Dominique Gilliot, dans la mémoire vive de La Ménagerie de Verre

28 mars 2018 | PAR Amelie Blaustein Niddam

Faire d’un lieu une star, un sujet de spectacle, cela est rare. Et la rareté, l’expérimentation est au cœur des préoccupations programmatiques de La Ménagerie de Verre qui présente jusqu’au 29 mars « A propos de la Ménagerie de Verre » de Dominique Gilliot.

L’Étrange Cargo de la Ménagerie de Verre qui a ouvert sur un salon professionnel du spectacle vivant, s’interroge sur son existence même. Pour se faire, il invite Dominique Gilliot, diplômée de l’École des Beaux-arts de Paris-Cergy en 2005, post-diplômée en 2007 de l’École des Beaux-Arts de Lyon et ultra touche à tout. Comme elle le dit elle-même (et elle parle beaucoup) elle « fait des performances, raconte des histoires, projette de la neige carbonique, rapporte des détails confondants, mélange in vivo références pop pointues et haute couture intellectuelle ».

En 2013, Jérôme Bel avait fait témoigner les spectateurs de la Cour d’Honneur du Palais des Papes dans Cour d’Honneur. La pièce réactivait physiquement des souvenirs. Ici, la dynamique est autre, mais l’idée du lieu comme élément affectif reste. Dominique Gilliot s’est installée pendant un an à la Ménagerie et a travaillé dans les studios de danse. Le discret Cocteau, le trop lumineux Balanchine, mais aussi dans le Off, LA salle de spectacle de la Ménagerie où se déroulent deux festivals : Les Inaccoutumés et L’Étrange Cargo, deux festival, deux mois par an.

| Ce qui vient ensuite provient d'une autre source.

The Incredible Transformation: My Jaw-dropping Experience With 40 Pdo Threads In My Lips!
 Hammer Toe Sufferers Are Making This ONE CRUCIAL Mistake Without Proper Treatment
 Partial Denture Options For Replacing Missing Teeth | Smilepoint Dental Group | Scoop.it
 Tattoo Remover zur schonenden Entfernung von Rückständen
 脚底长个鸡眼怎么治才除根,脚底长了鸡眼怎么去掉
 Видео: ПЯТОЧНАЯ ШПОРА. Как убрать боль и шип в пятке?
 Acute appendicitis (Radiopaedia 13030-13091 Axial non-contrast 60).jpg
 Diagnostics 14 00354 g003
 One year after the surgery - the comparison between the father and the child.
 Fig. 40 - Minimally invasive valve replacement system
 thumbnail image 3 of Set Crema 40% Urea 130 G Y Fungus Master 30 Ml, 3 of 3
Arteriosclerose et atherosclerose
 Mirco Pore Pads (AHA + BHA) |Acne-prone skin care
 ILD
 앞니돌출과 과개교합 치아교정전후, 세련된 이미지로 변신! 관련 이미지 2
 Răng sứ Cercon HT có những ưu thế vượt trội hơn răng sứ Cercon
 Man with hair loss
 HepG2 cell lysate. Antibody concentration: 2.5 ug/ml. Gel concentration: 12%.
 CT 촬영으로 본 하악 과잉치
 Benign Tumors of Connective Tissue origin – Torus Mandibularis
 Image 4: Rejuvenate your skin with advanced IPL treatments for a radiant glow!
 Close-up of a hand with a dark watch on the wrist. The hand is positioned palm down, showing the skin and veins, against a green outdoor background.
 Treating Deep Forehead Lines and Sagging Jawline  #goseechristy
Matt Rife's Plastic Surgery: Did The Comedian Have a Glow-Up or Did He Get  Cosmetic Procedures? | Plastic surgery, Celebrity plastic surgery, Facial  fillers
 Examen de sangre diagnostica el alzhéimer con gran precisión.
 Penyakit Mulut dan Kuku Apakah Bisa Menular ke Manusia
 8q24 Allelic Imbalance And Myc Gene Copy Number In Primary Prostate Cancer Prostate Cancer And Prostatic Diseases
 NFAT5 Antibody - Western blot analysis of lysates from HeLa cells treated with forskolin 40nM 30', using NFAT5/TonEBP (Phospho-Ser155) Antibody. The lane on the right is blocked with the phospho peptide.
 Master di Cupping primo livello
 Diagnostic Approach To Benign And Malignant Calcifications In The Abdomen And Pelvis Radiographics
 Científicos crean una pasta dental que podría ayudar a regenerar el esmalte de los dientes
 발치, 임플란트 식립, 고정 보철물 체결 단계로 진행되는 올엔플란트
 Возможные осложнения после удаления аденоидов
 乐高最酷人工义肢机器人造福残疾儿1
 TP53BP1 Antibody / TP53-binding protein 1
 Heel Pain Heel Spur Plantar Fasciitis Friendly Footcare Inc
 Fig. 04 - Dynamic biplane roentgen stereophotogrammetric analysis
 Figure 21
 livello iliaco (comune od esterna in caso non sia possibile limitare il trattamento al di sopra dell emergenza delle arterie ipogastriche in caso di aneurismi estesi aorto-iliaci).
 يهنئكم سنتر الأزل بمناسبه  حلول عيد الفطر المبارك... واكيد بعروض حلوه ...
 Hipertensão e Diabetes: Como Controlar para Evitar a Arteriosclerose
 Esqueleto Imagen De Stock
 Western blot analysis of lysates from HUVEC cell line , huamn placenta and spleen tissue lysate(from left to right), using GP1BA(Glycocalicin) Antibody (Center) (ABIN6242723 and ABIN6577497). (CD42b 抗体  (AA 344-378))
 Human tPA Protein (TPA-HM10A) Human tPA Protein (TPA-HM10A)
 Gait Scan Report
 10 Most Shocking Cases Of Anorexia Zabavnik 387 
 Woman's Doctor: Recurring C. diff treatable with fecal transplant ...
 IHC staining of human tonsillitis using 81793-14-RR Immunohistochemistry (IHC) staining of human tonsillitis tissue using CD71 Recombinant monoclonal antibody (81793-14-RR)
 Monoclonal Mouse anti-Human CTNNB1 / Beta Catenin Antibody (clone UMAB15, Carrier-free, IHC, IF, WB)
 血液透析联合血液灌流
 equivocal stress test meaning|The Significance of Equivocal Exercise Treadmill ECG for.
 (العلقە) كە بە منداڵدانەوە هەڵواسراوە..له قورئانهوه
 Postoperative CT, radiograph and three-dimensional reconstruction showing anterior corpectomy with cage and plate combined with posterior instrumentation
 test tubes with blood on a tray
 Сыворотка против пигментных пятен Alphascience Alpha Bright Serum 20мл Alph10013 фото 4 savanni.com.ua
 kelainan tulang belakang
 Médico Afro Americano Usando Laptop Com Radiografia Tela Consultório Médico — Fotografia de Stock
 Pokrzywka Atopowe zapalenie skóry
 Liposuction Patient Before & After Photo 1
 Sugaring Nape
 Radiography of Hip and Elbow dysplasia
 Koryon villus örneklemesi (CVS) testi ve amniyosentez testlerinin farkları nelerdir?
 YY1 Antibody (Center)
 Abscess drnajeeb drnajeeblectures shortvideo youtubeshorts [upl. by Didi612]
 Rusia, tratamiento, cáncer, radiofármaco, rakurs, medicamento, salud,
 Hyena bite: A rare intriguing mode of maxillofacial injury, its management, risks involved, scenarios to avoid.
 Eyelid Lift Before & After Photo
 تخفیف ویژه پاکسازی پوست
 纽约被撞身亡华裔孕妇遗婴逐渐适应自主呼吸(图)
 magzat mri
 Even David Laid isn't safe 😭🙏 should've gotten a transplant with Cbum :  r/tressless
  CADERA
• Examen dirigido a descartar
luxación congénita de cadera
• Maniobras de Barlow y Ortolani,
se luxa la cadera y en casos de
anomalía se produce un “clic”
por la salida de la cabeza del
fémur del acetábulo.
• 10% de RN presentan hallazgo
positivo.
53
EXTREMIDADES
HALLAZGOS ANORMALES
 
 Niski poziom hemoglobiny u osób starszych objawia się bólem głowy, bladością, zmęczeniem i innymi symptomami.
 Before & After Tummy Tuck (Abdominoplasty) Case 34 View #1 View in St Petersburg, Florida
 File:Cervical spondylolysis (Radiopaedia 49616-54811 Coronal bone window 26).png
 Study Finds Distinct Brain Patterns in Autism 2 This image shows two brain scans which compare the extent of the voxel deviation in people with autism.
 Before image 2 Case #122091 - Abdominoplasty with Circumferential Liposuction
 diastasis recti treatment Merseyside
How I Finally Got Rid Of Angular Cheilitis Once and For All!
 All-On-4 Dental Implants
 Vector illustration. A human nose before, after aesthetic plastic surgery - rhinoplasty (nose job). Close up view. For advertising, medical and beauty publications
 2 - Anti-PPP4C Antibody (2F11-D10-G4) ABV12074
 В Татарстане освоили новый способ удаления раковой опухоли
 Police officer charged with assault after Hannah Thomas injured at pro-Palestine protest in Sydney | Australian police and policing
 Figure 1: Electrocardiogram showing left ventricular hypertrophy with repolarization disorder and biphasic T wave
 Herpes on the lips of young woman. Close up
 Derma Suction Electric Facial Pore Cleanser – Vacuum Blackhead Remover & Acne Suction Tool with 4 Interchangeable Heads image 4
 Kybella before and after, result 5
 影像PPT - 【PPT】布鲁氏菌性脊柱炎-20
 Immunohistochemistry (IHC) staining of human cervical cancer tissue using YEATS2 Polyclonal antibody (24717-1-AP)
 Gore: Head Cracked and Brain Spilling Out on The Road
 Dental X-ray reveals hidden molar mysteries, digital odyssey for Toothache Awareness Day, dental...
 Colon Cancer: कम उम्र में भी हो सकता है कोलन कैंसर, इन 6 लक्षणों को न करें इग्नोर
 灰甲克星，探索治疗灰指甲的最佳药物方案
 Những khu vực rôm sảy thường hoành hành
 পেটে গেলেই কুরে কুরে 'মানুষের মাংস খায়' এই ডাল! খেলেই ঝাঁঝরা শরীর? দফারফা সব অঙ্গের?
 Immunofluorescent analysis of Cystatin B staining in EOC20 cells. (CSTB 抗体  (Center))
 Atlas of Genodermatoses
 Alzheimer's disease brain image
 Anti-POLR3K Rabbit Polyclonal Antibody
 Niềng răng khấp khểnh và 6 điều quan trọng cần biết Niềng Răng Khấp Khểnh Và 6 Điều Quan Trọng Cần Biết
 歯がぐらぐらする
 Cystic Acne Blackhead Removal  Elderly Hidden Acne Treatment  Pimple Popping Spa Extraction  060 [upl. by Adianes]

Il faut l’assumer, le public est composé d’habitués au point qu’à la Ménagerie, tout le monde se connait, ne serait-ce que de vue. La jauge est toute petite, 80 places, mais si on se serre et que l’on déborde, bien plus ! La performeuse, seule en scène et pour une durée où « le temps passe » va donc raconter « sa » Ménagerie de façon anti-documentaire à un public qui, comme chez Bel, va réactiver ses souvenirs. Là où elle est encore plus forte, c’est que rien n’est dit des spectacles joués depuis 1983, date à laquelle Marie-Thérèse Allier a transformé cette ancienne imprimerie dotée d’un garage en place incontournable de la création très contemporaine.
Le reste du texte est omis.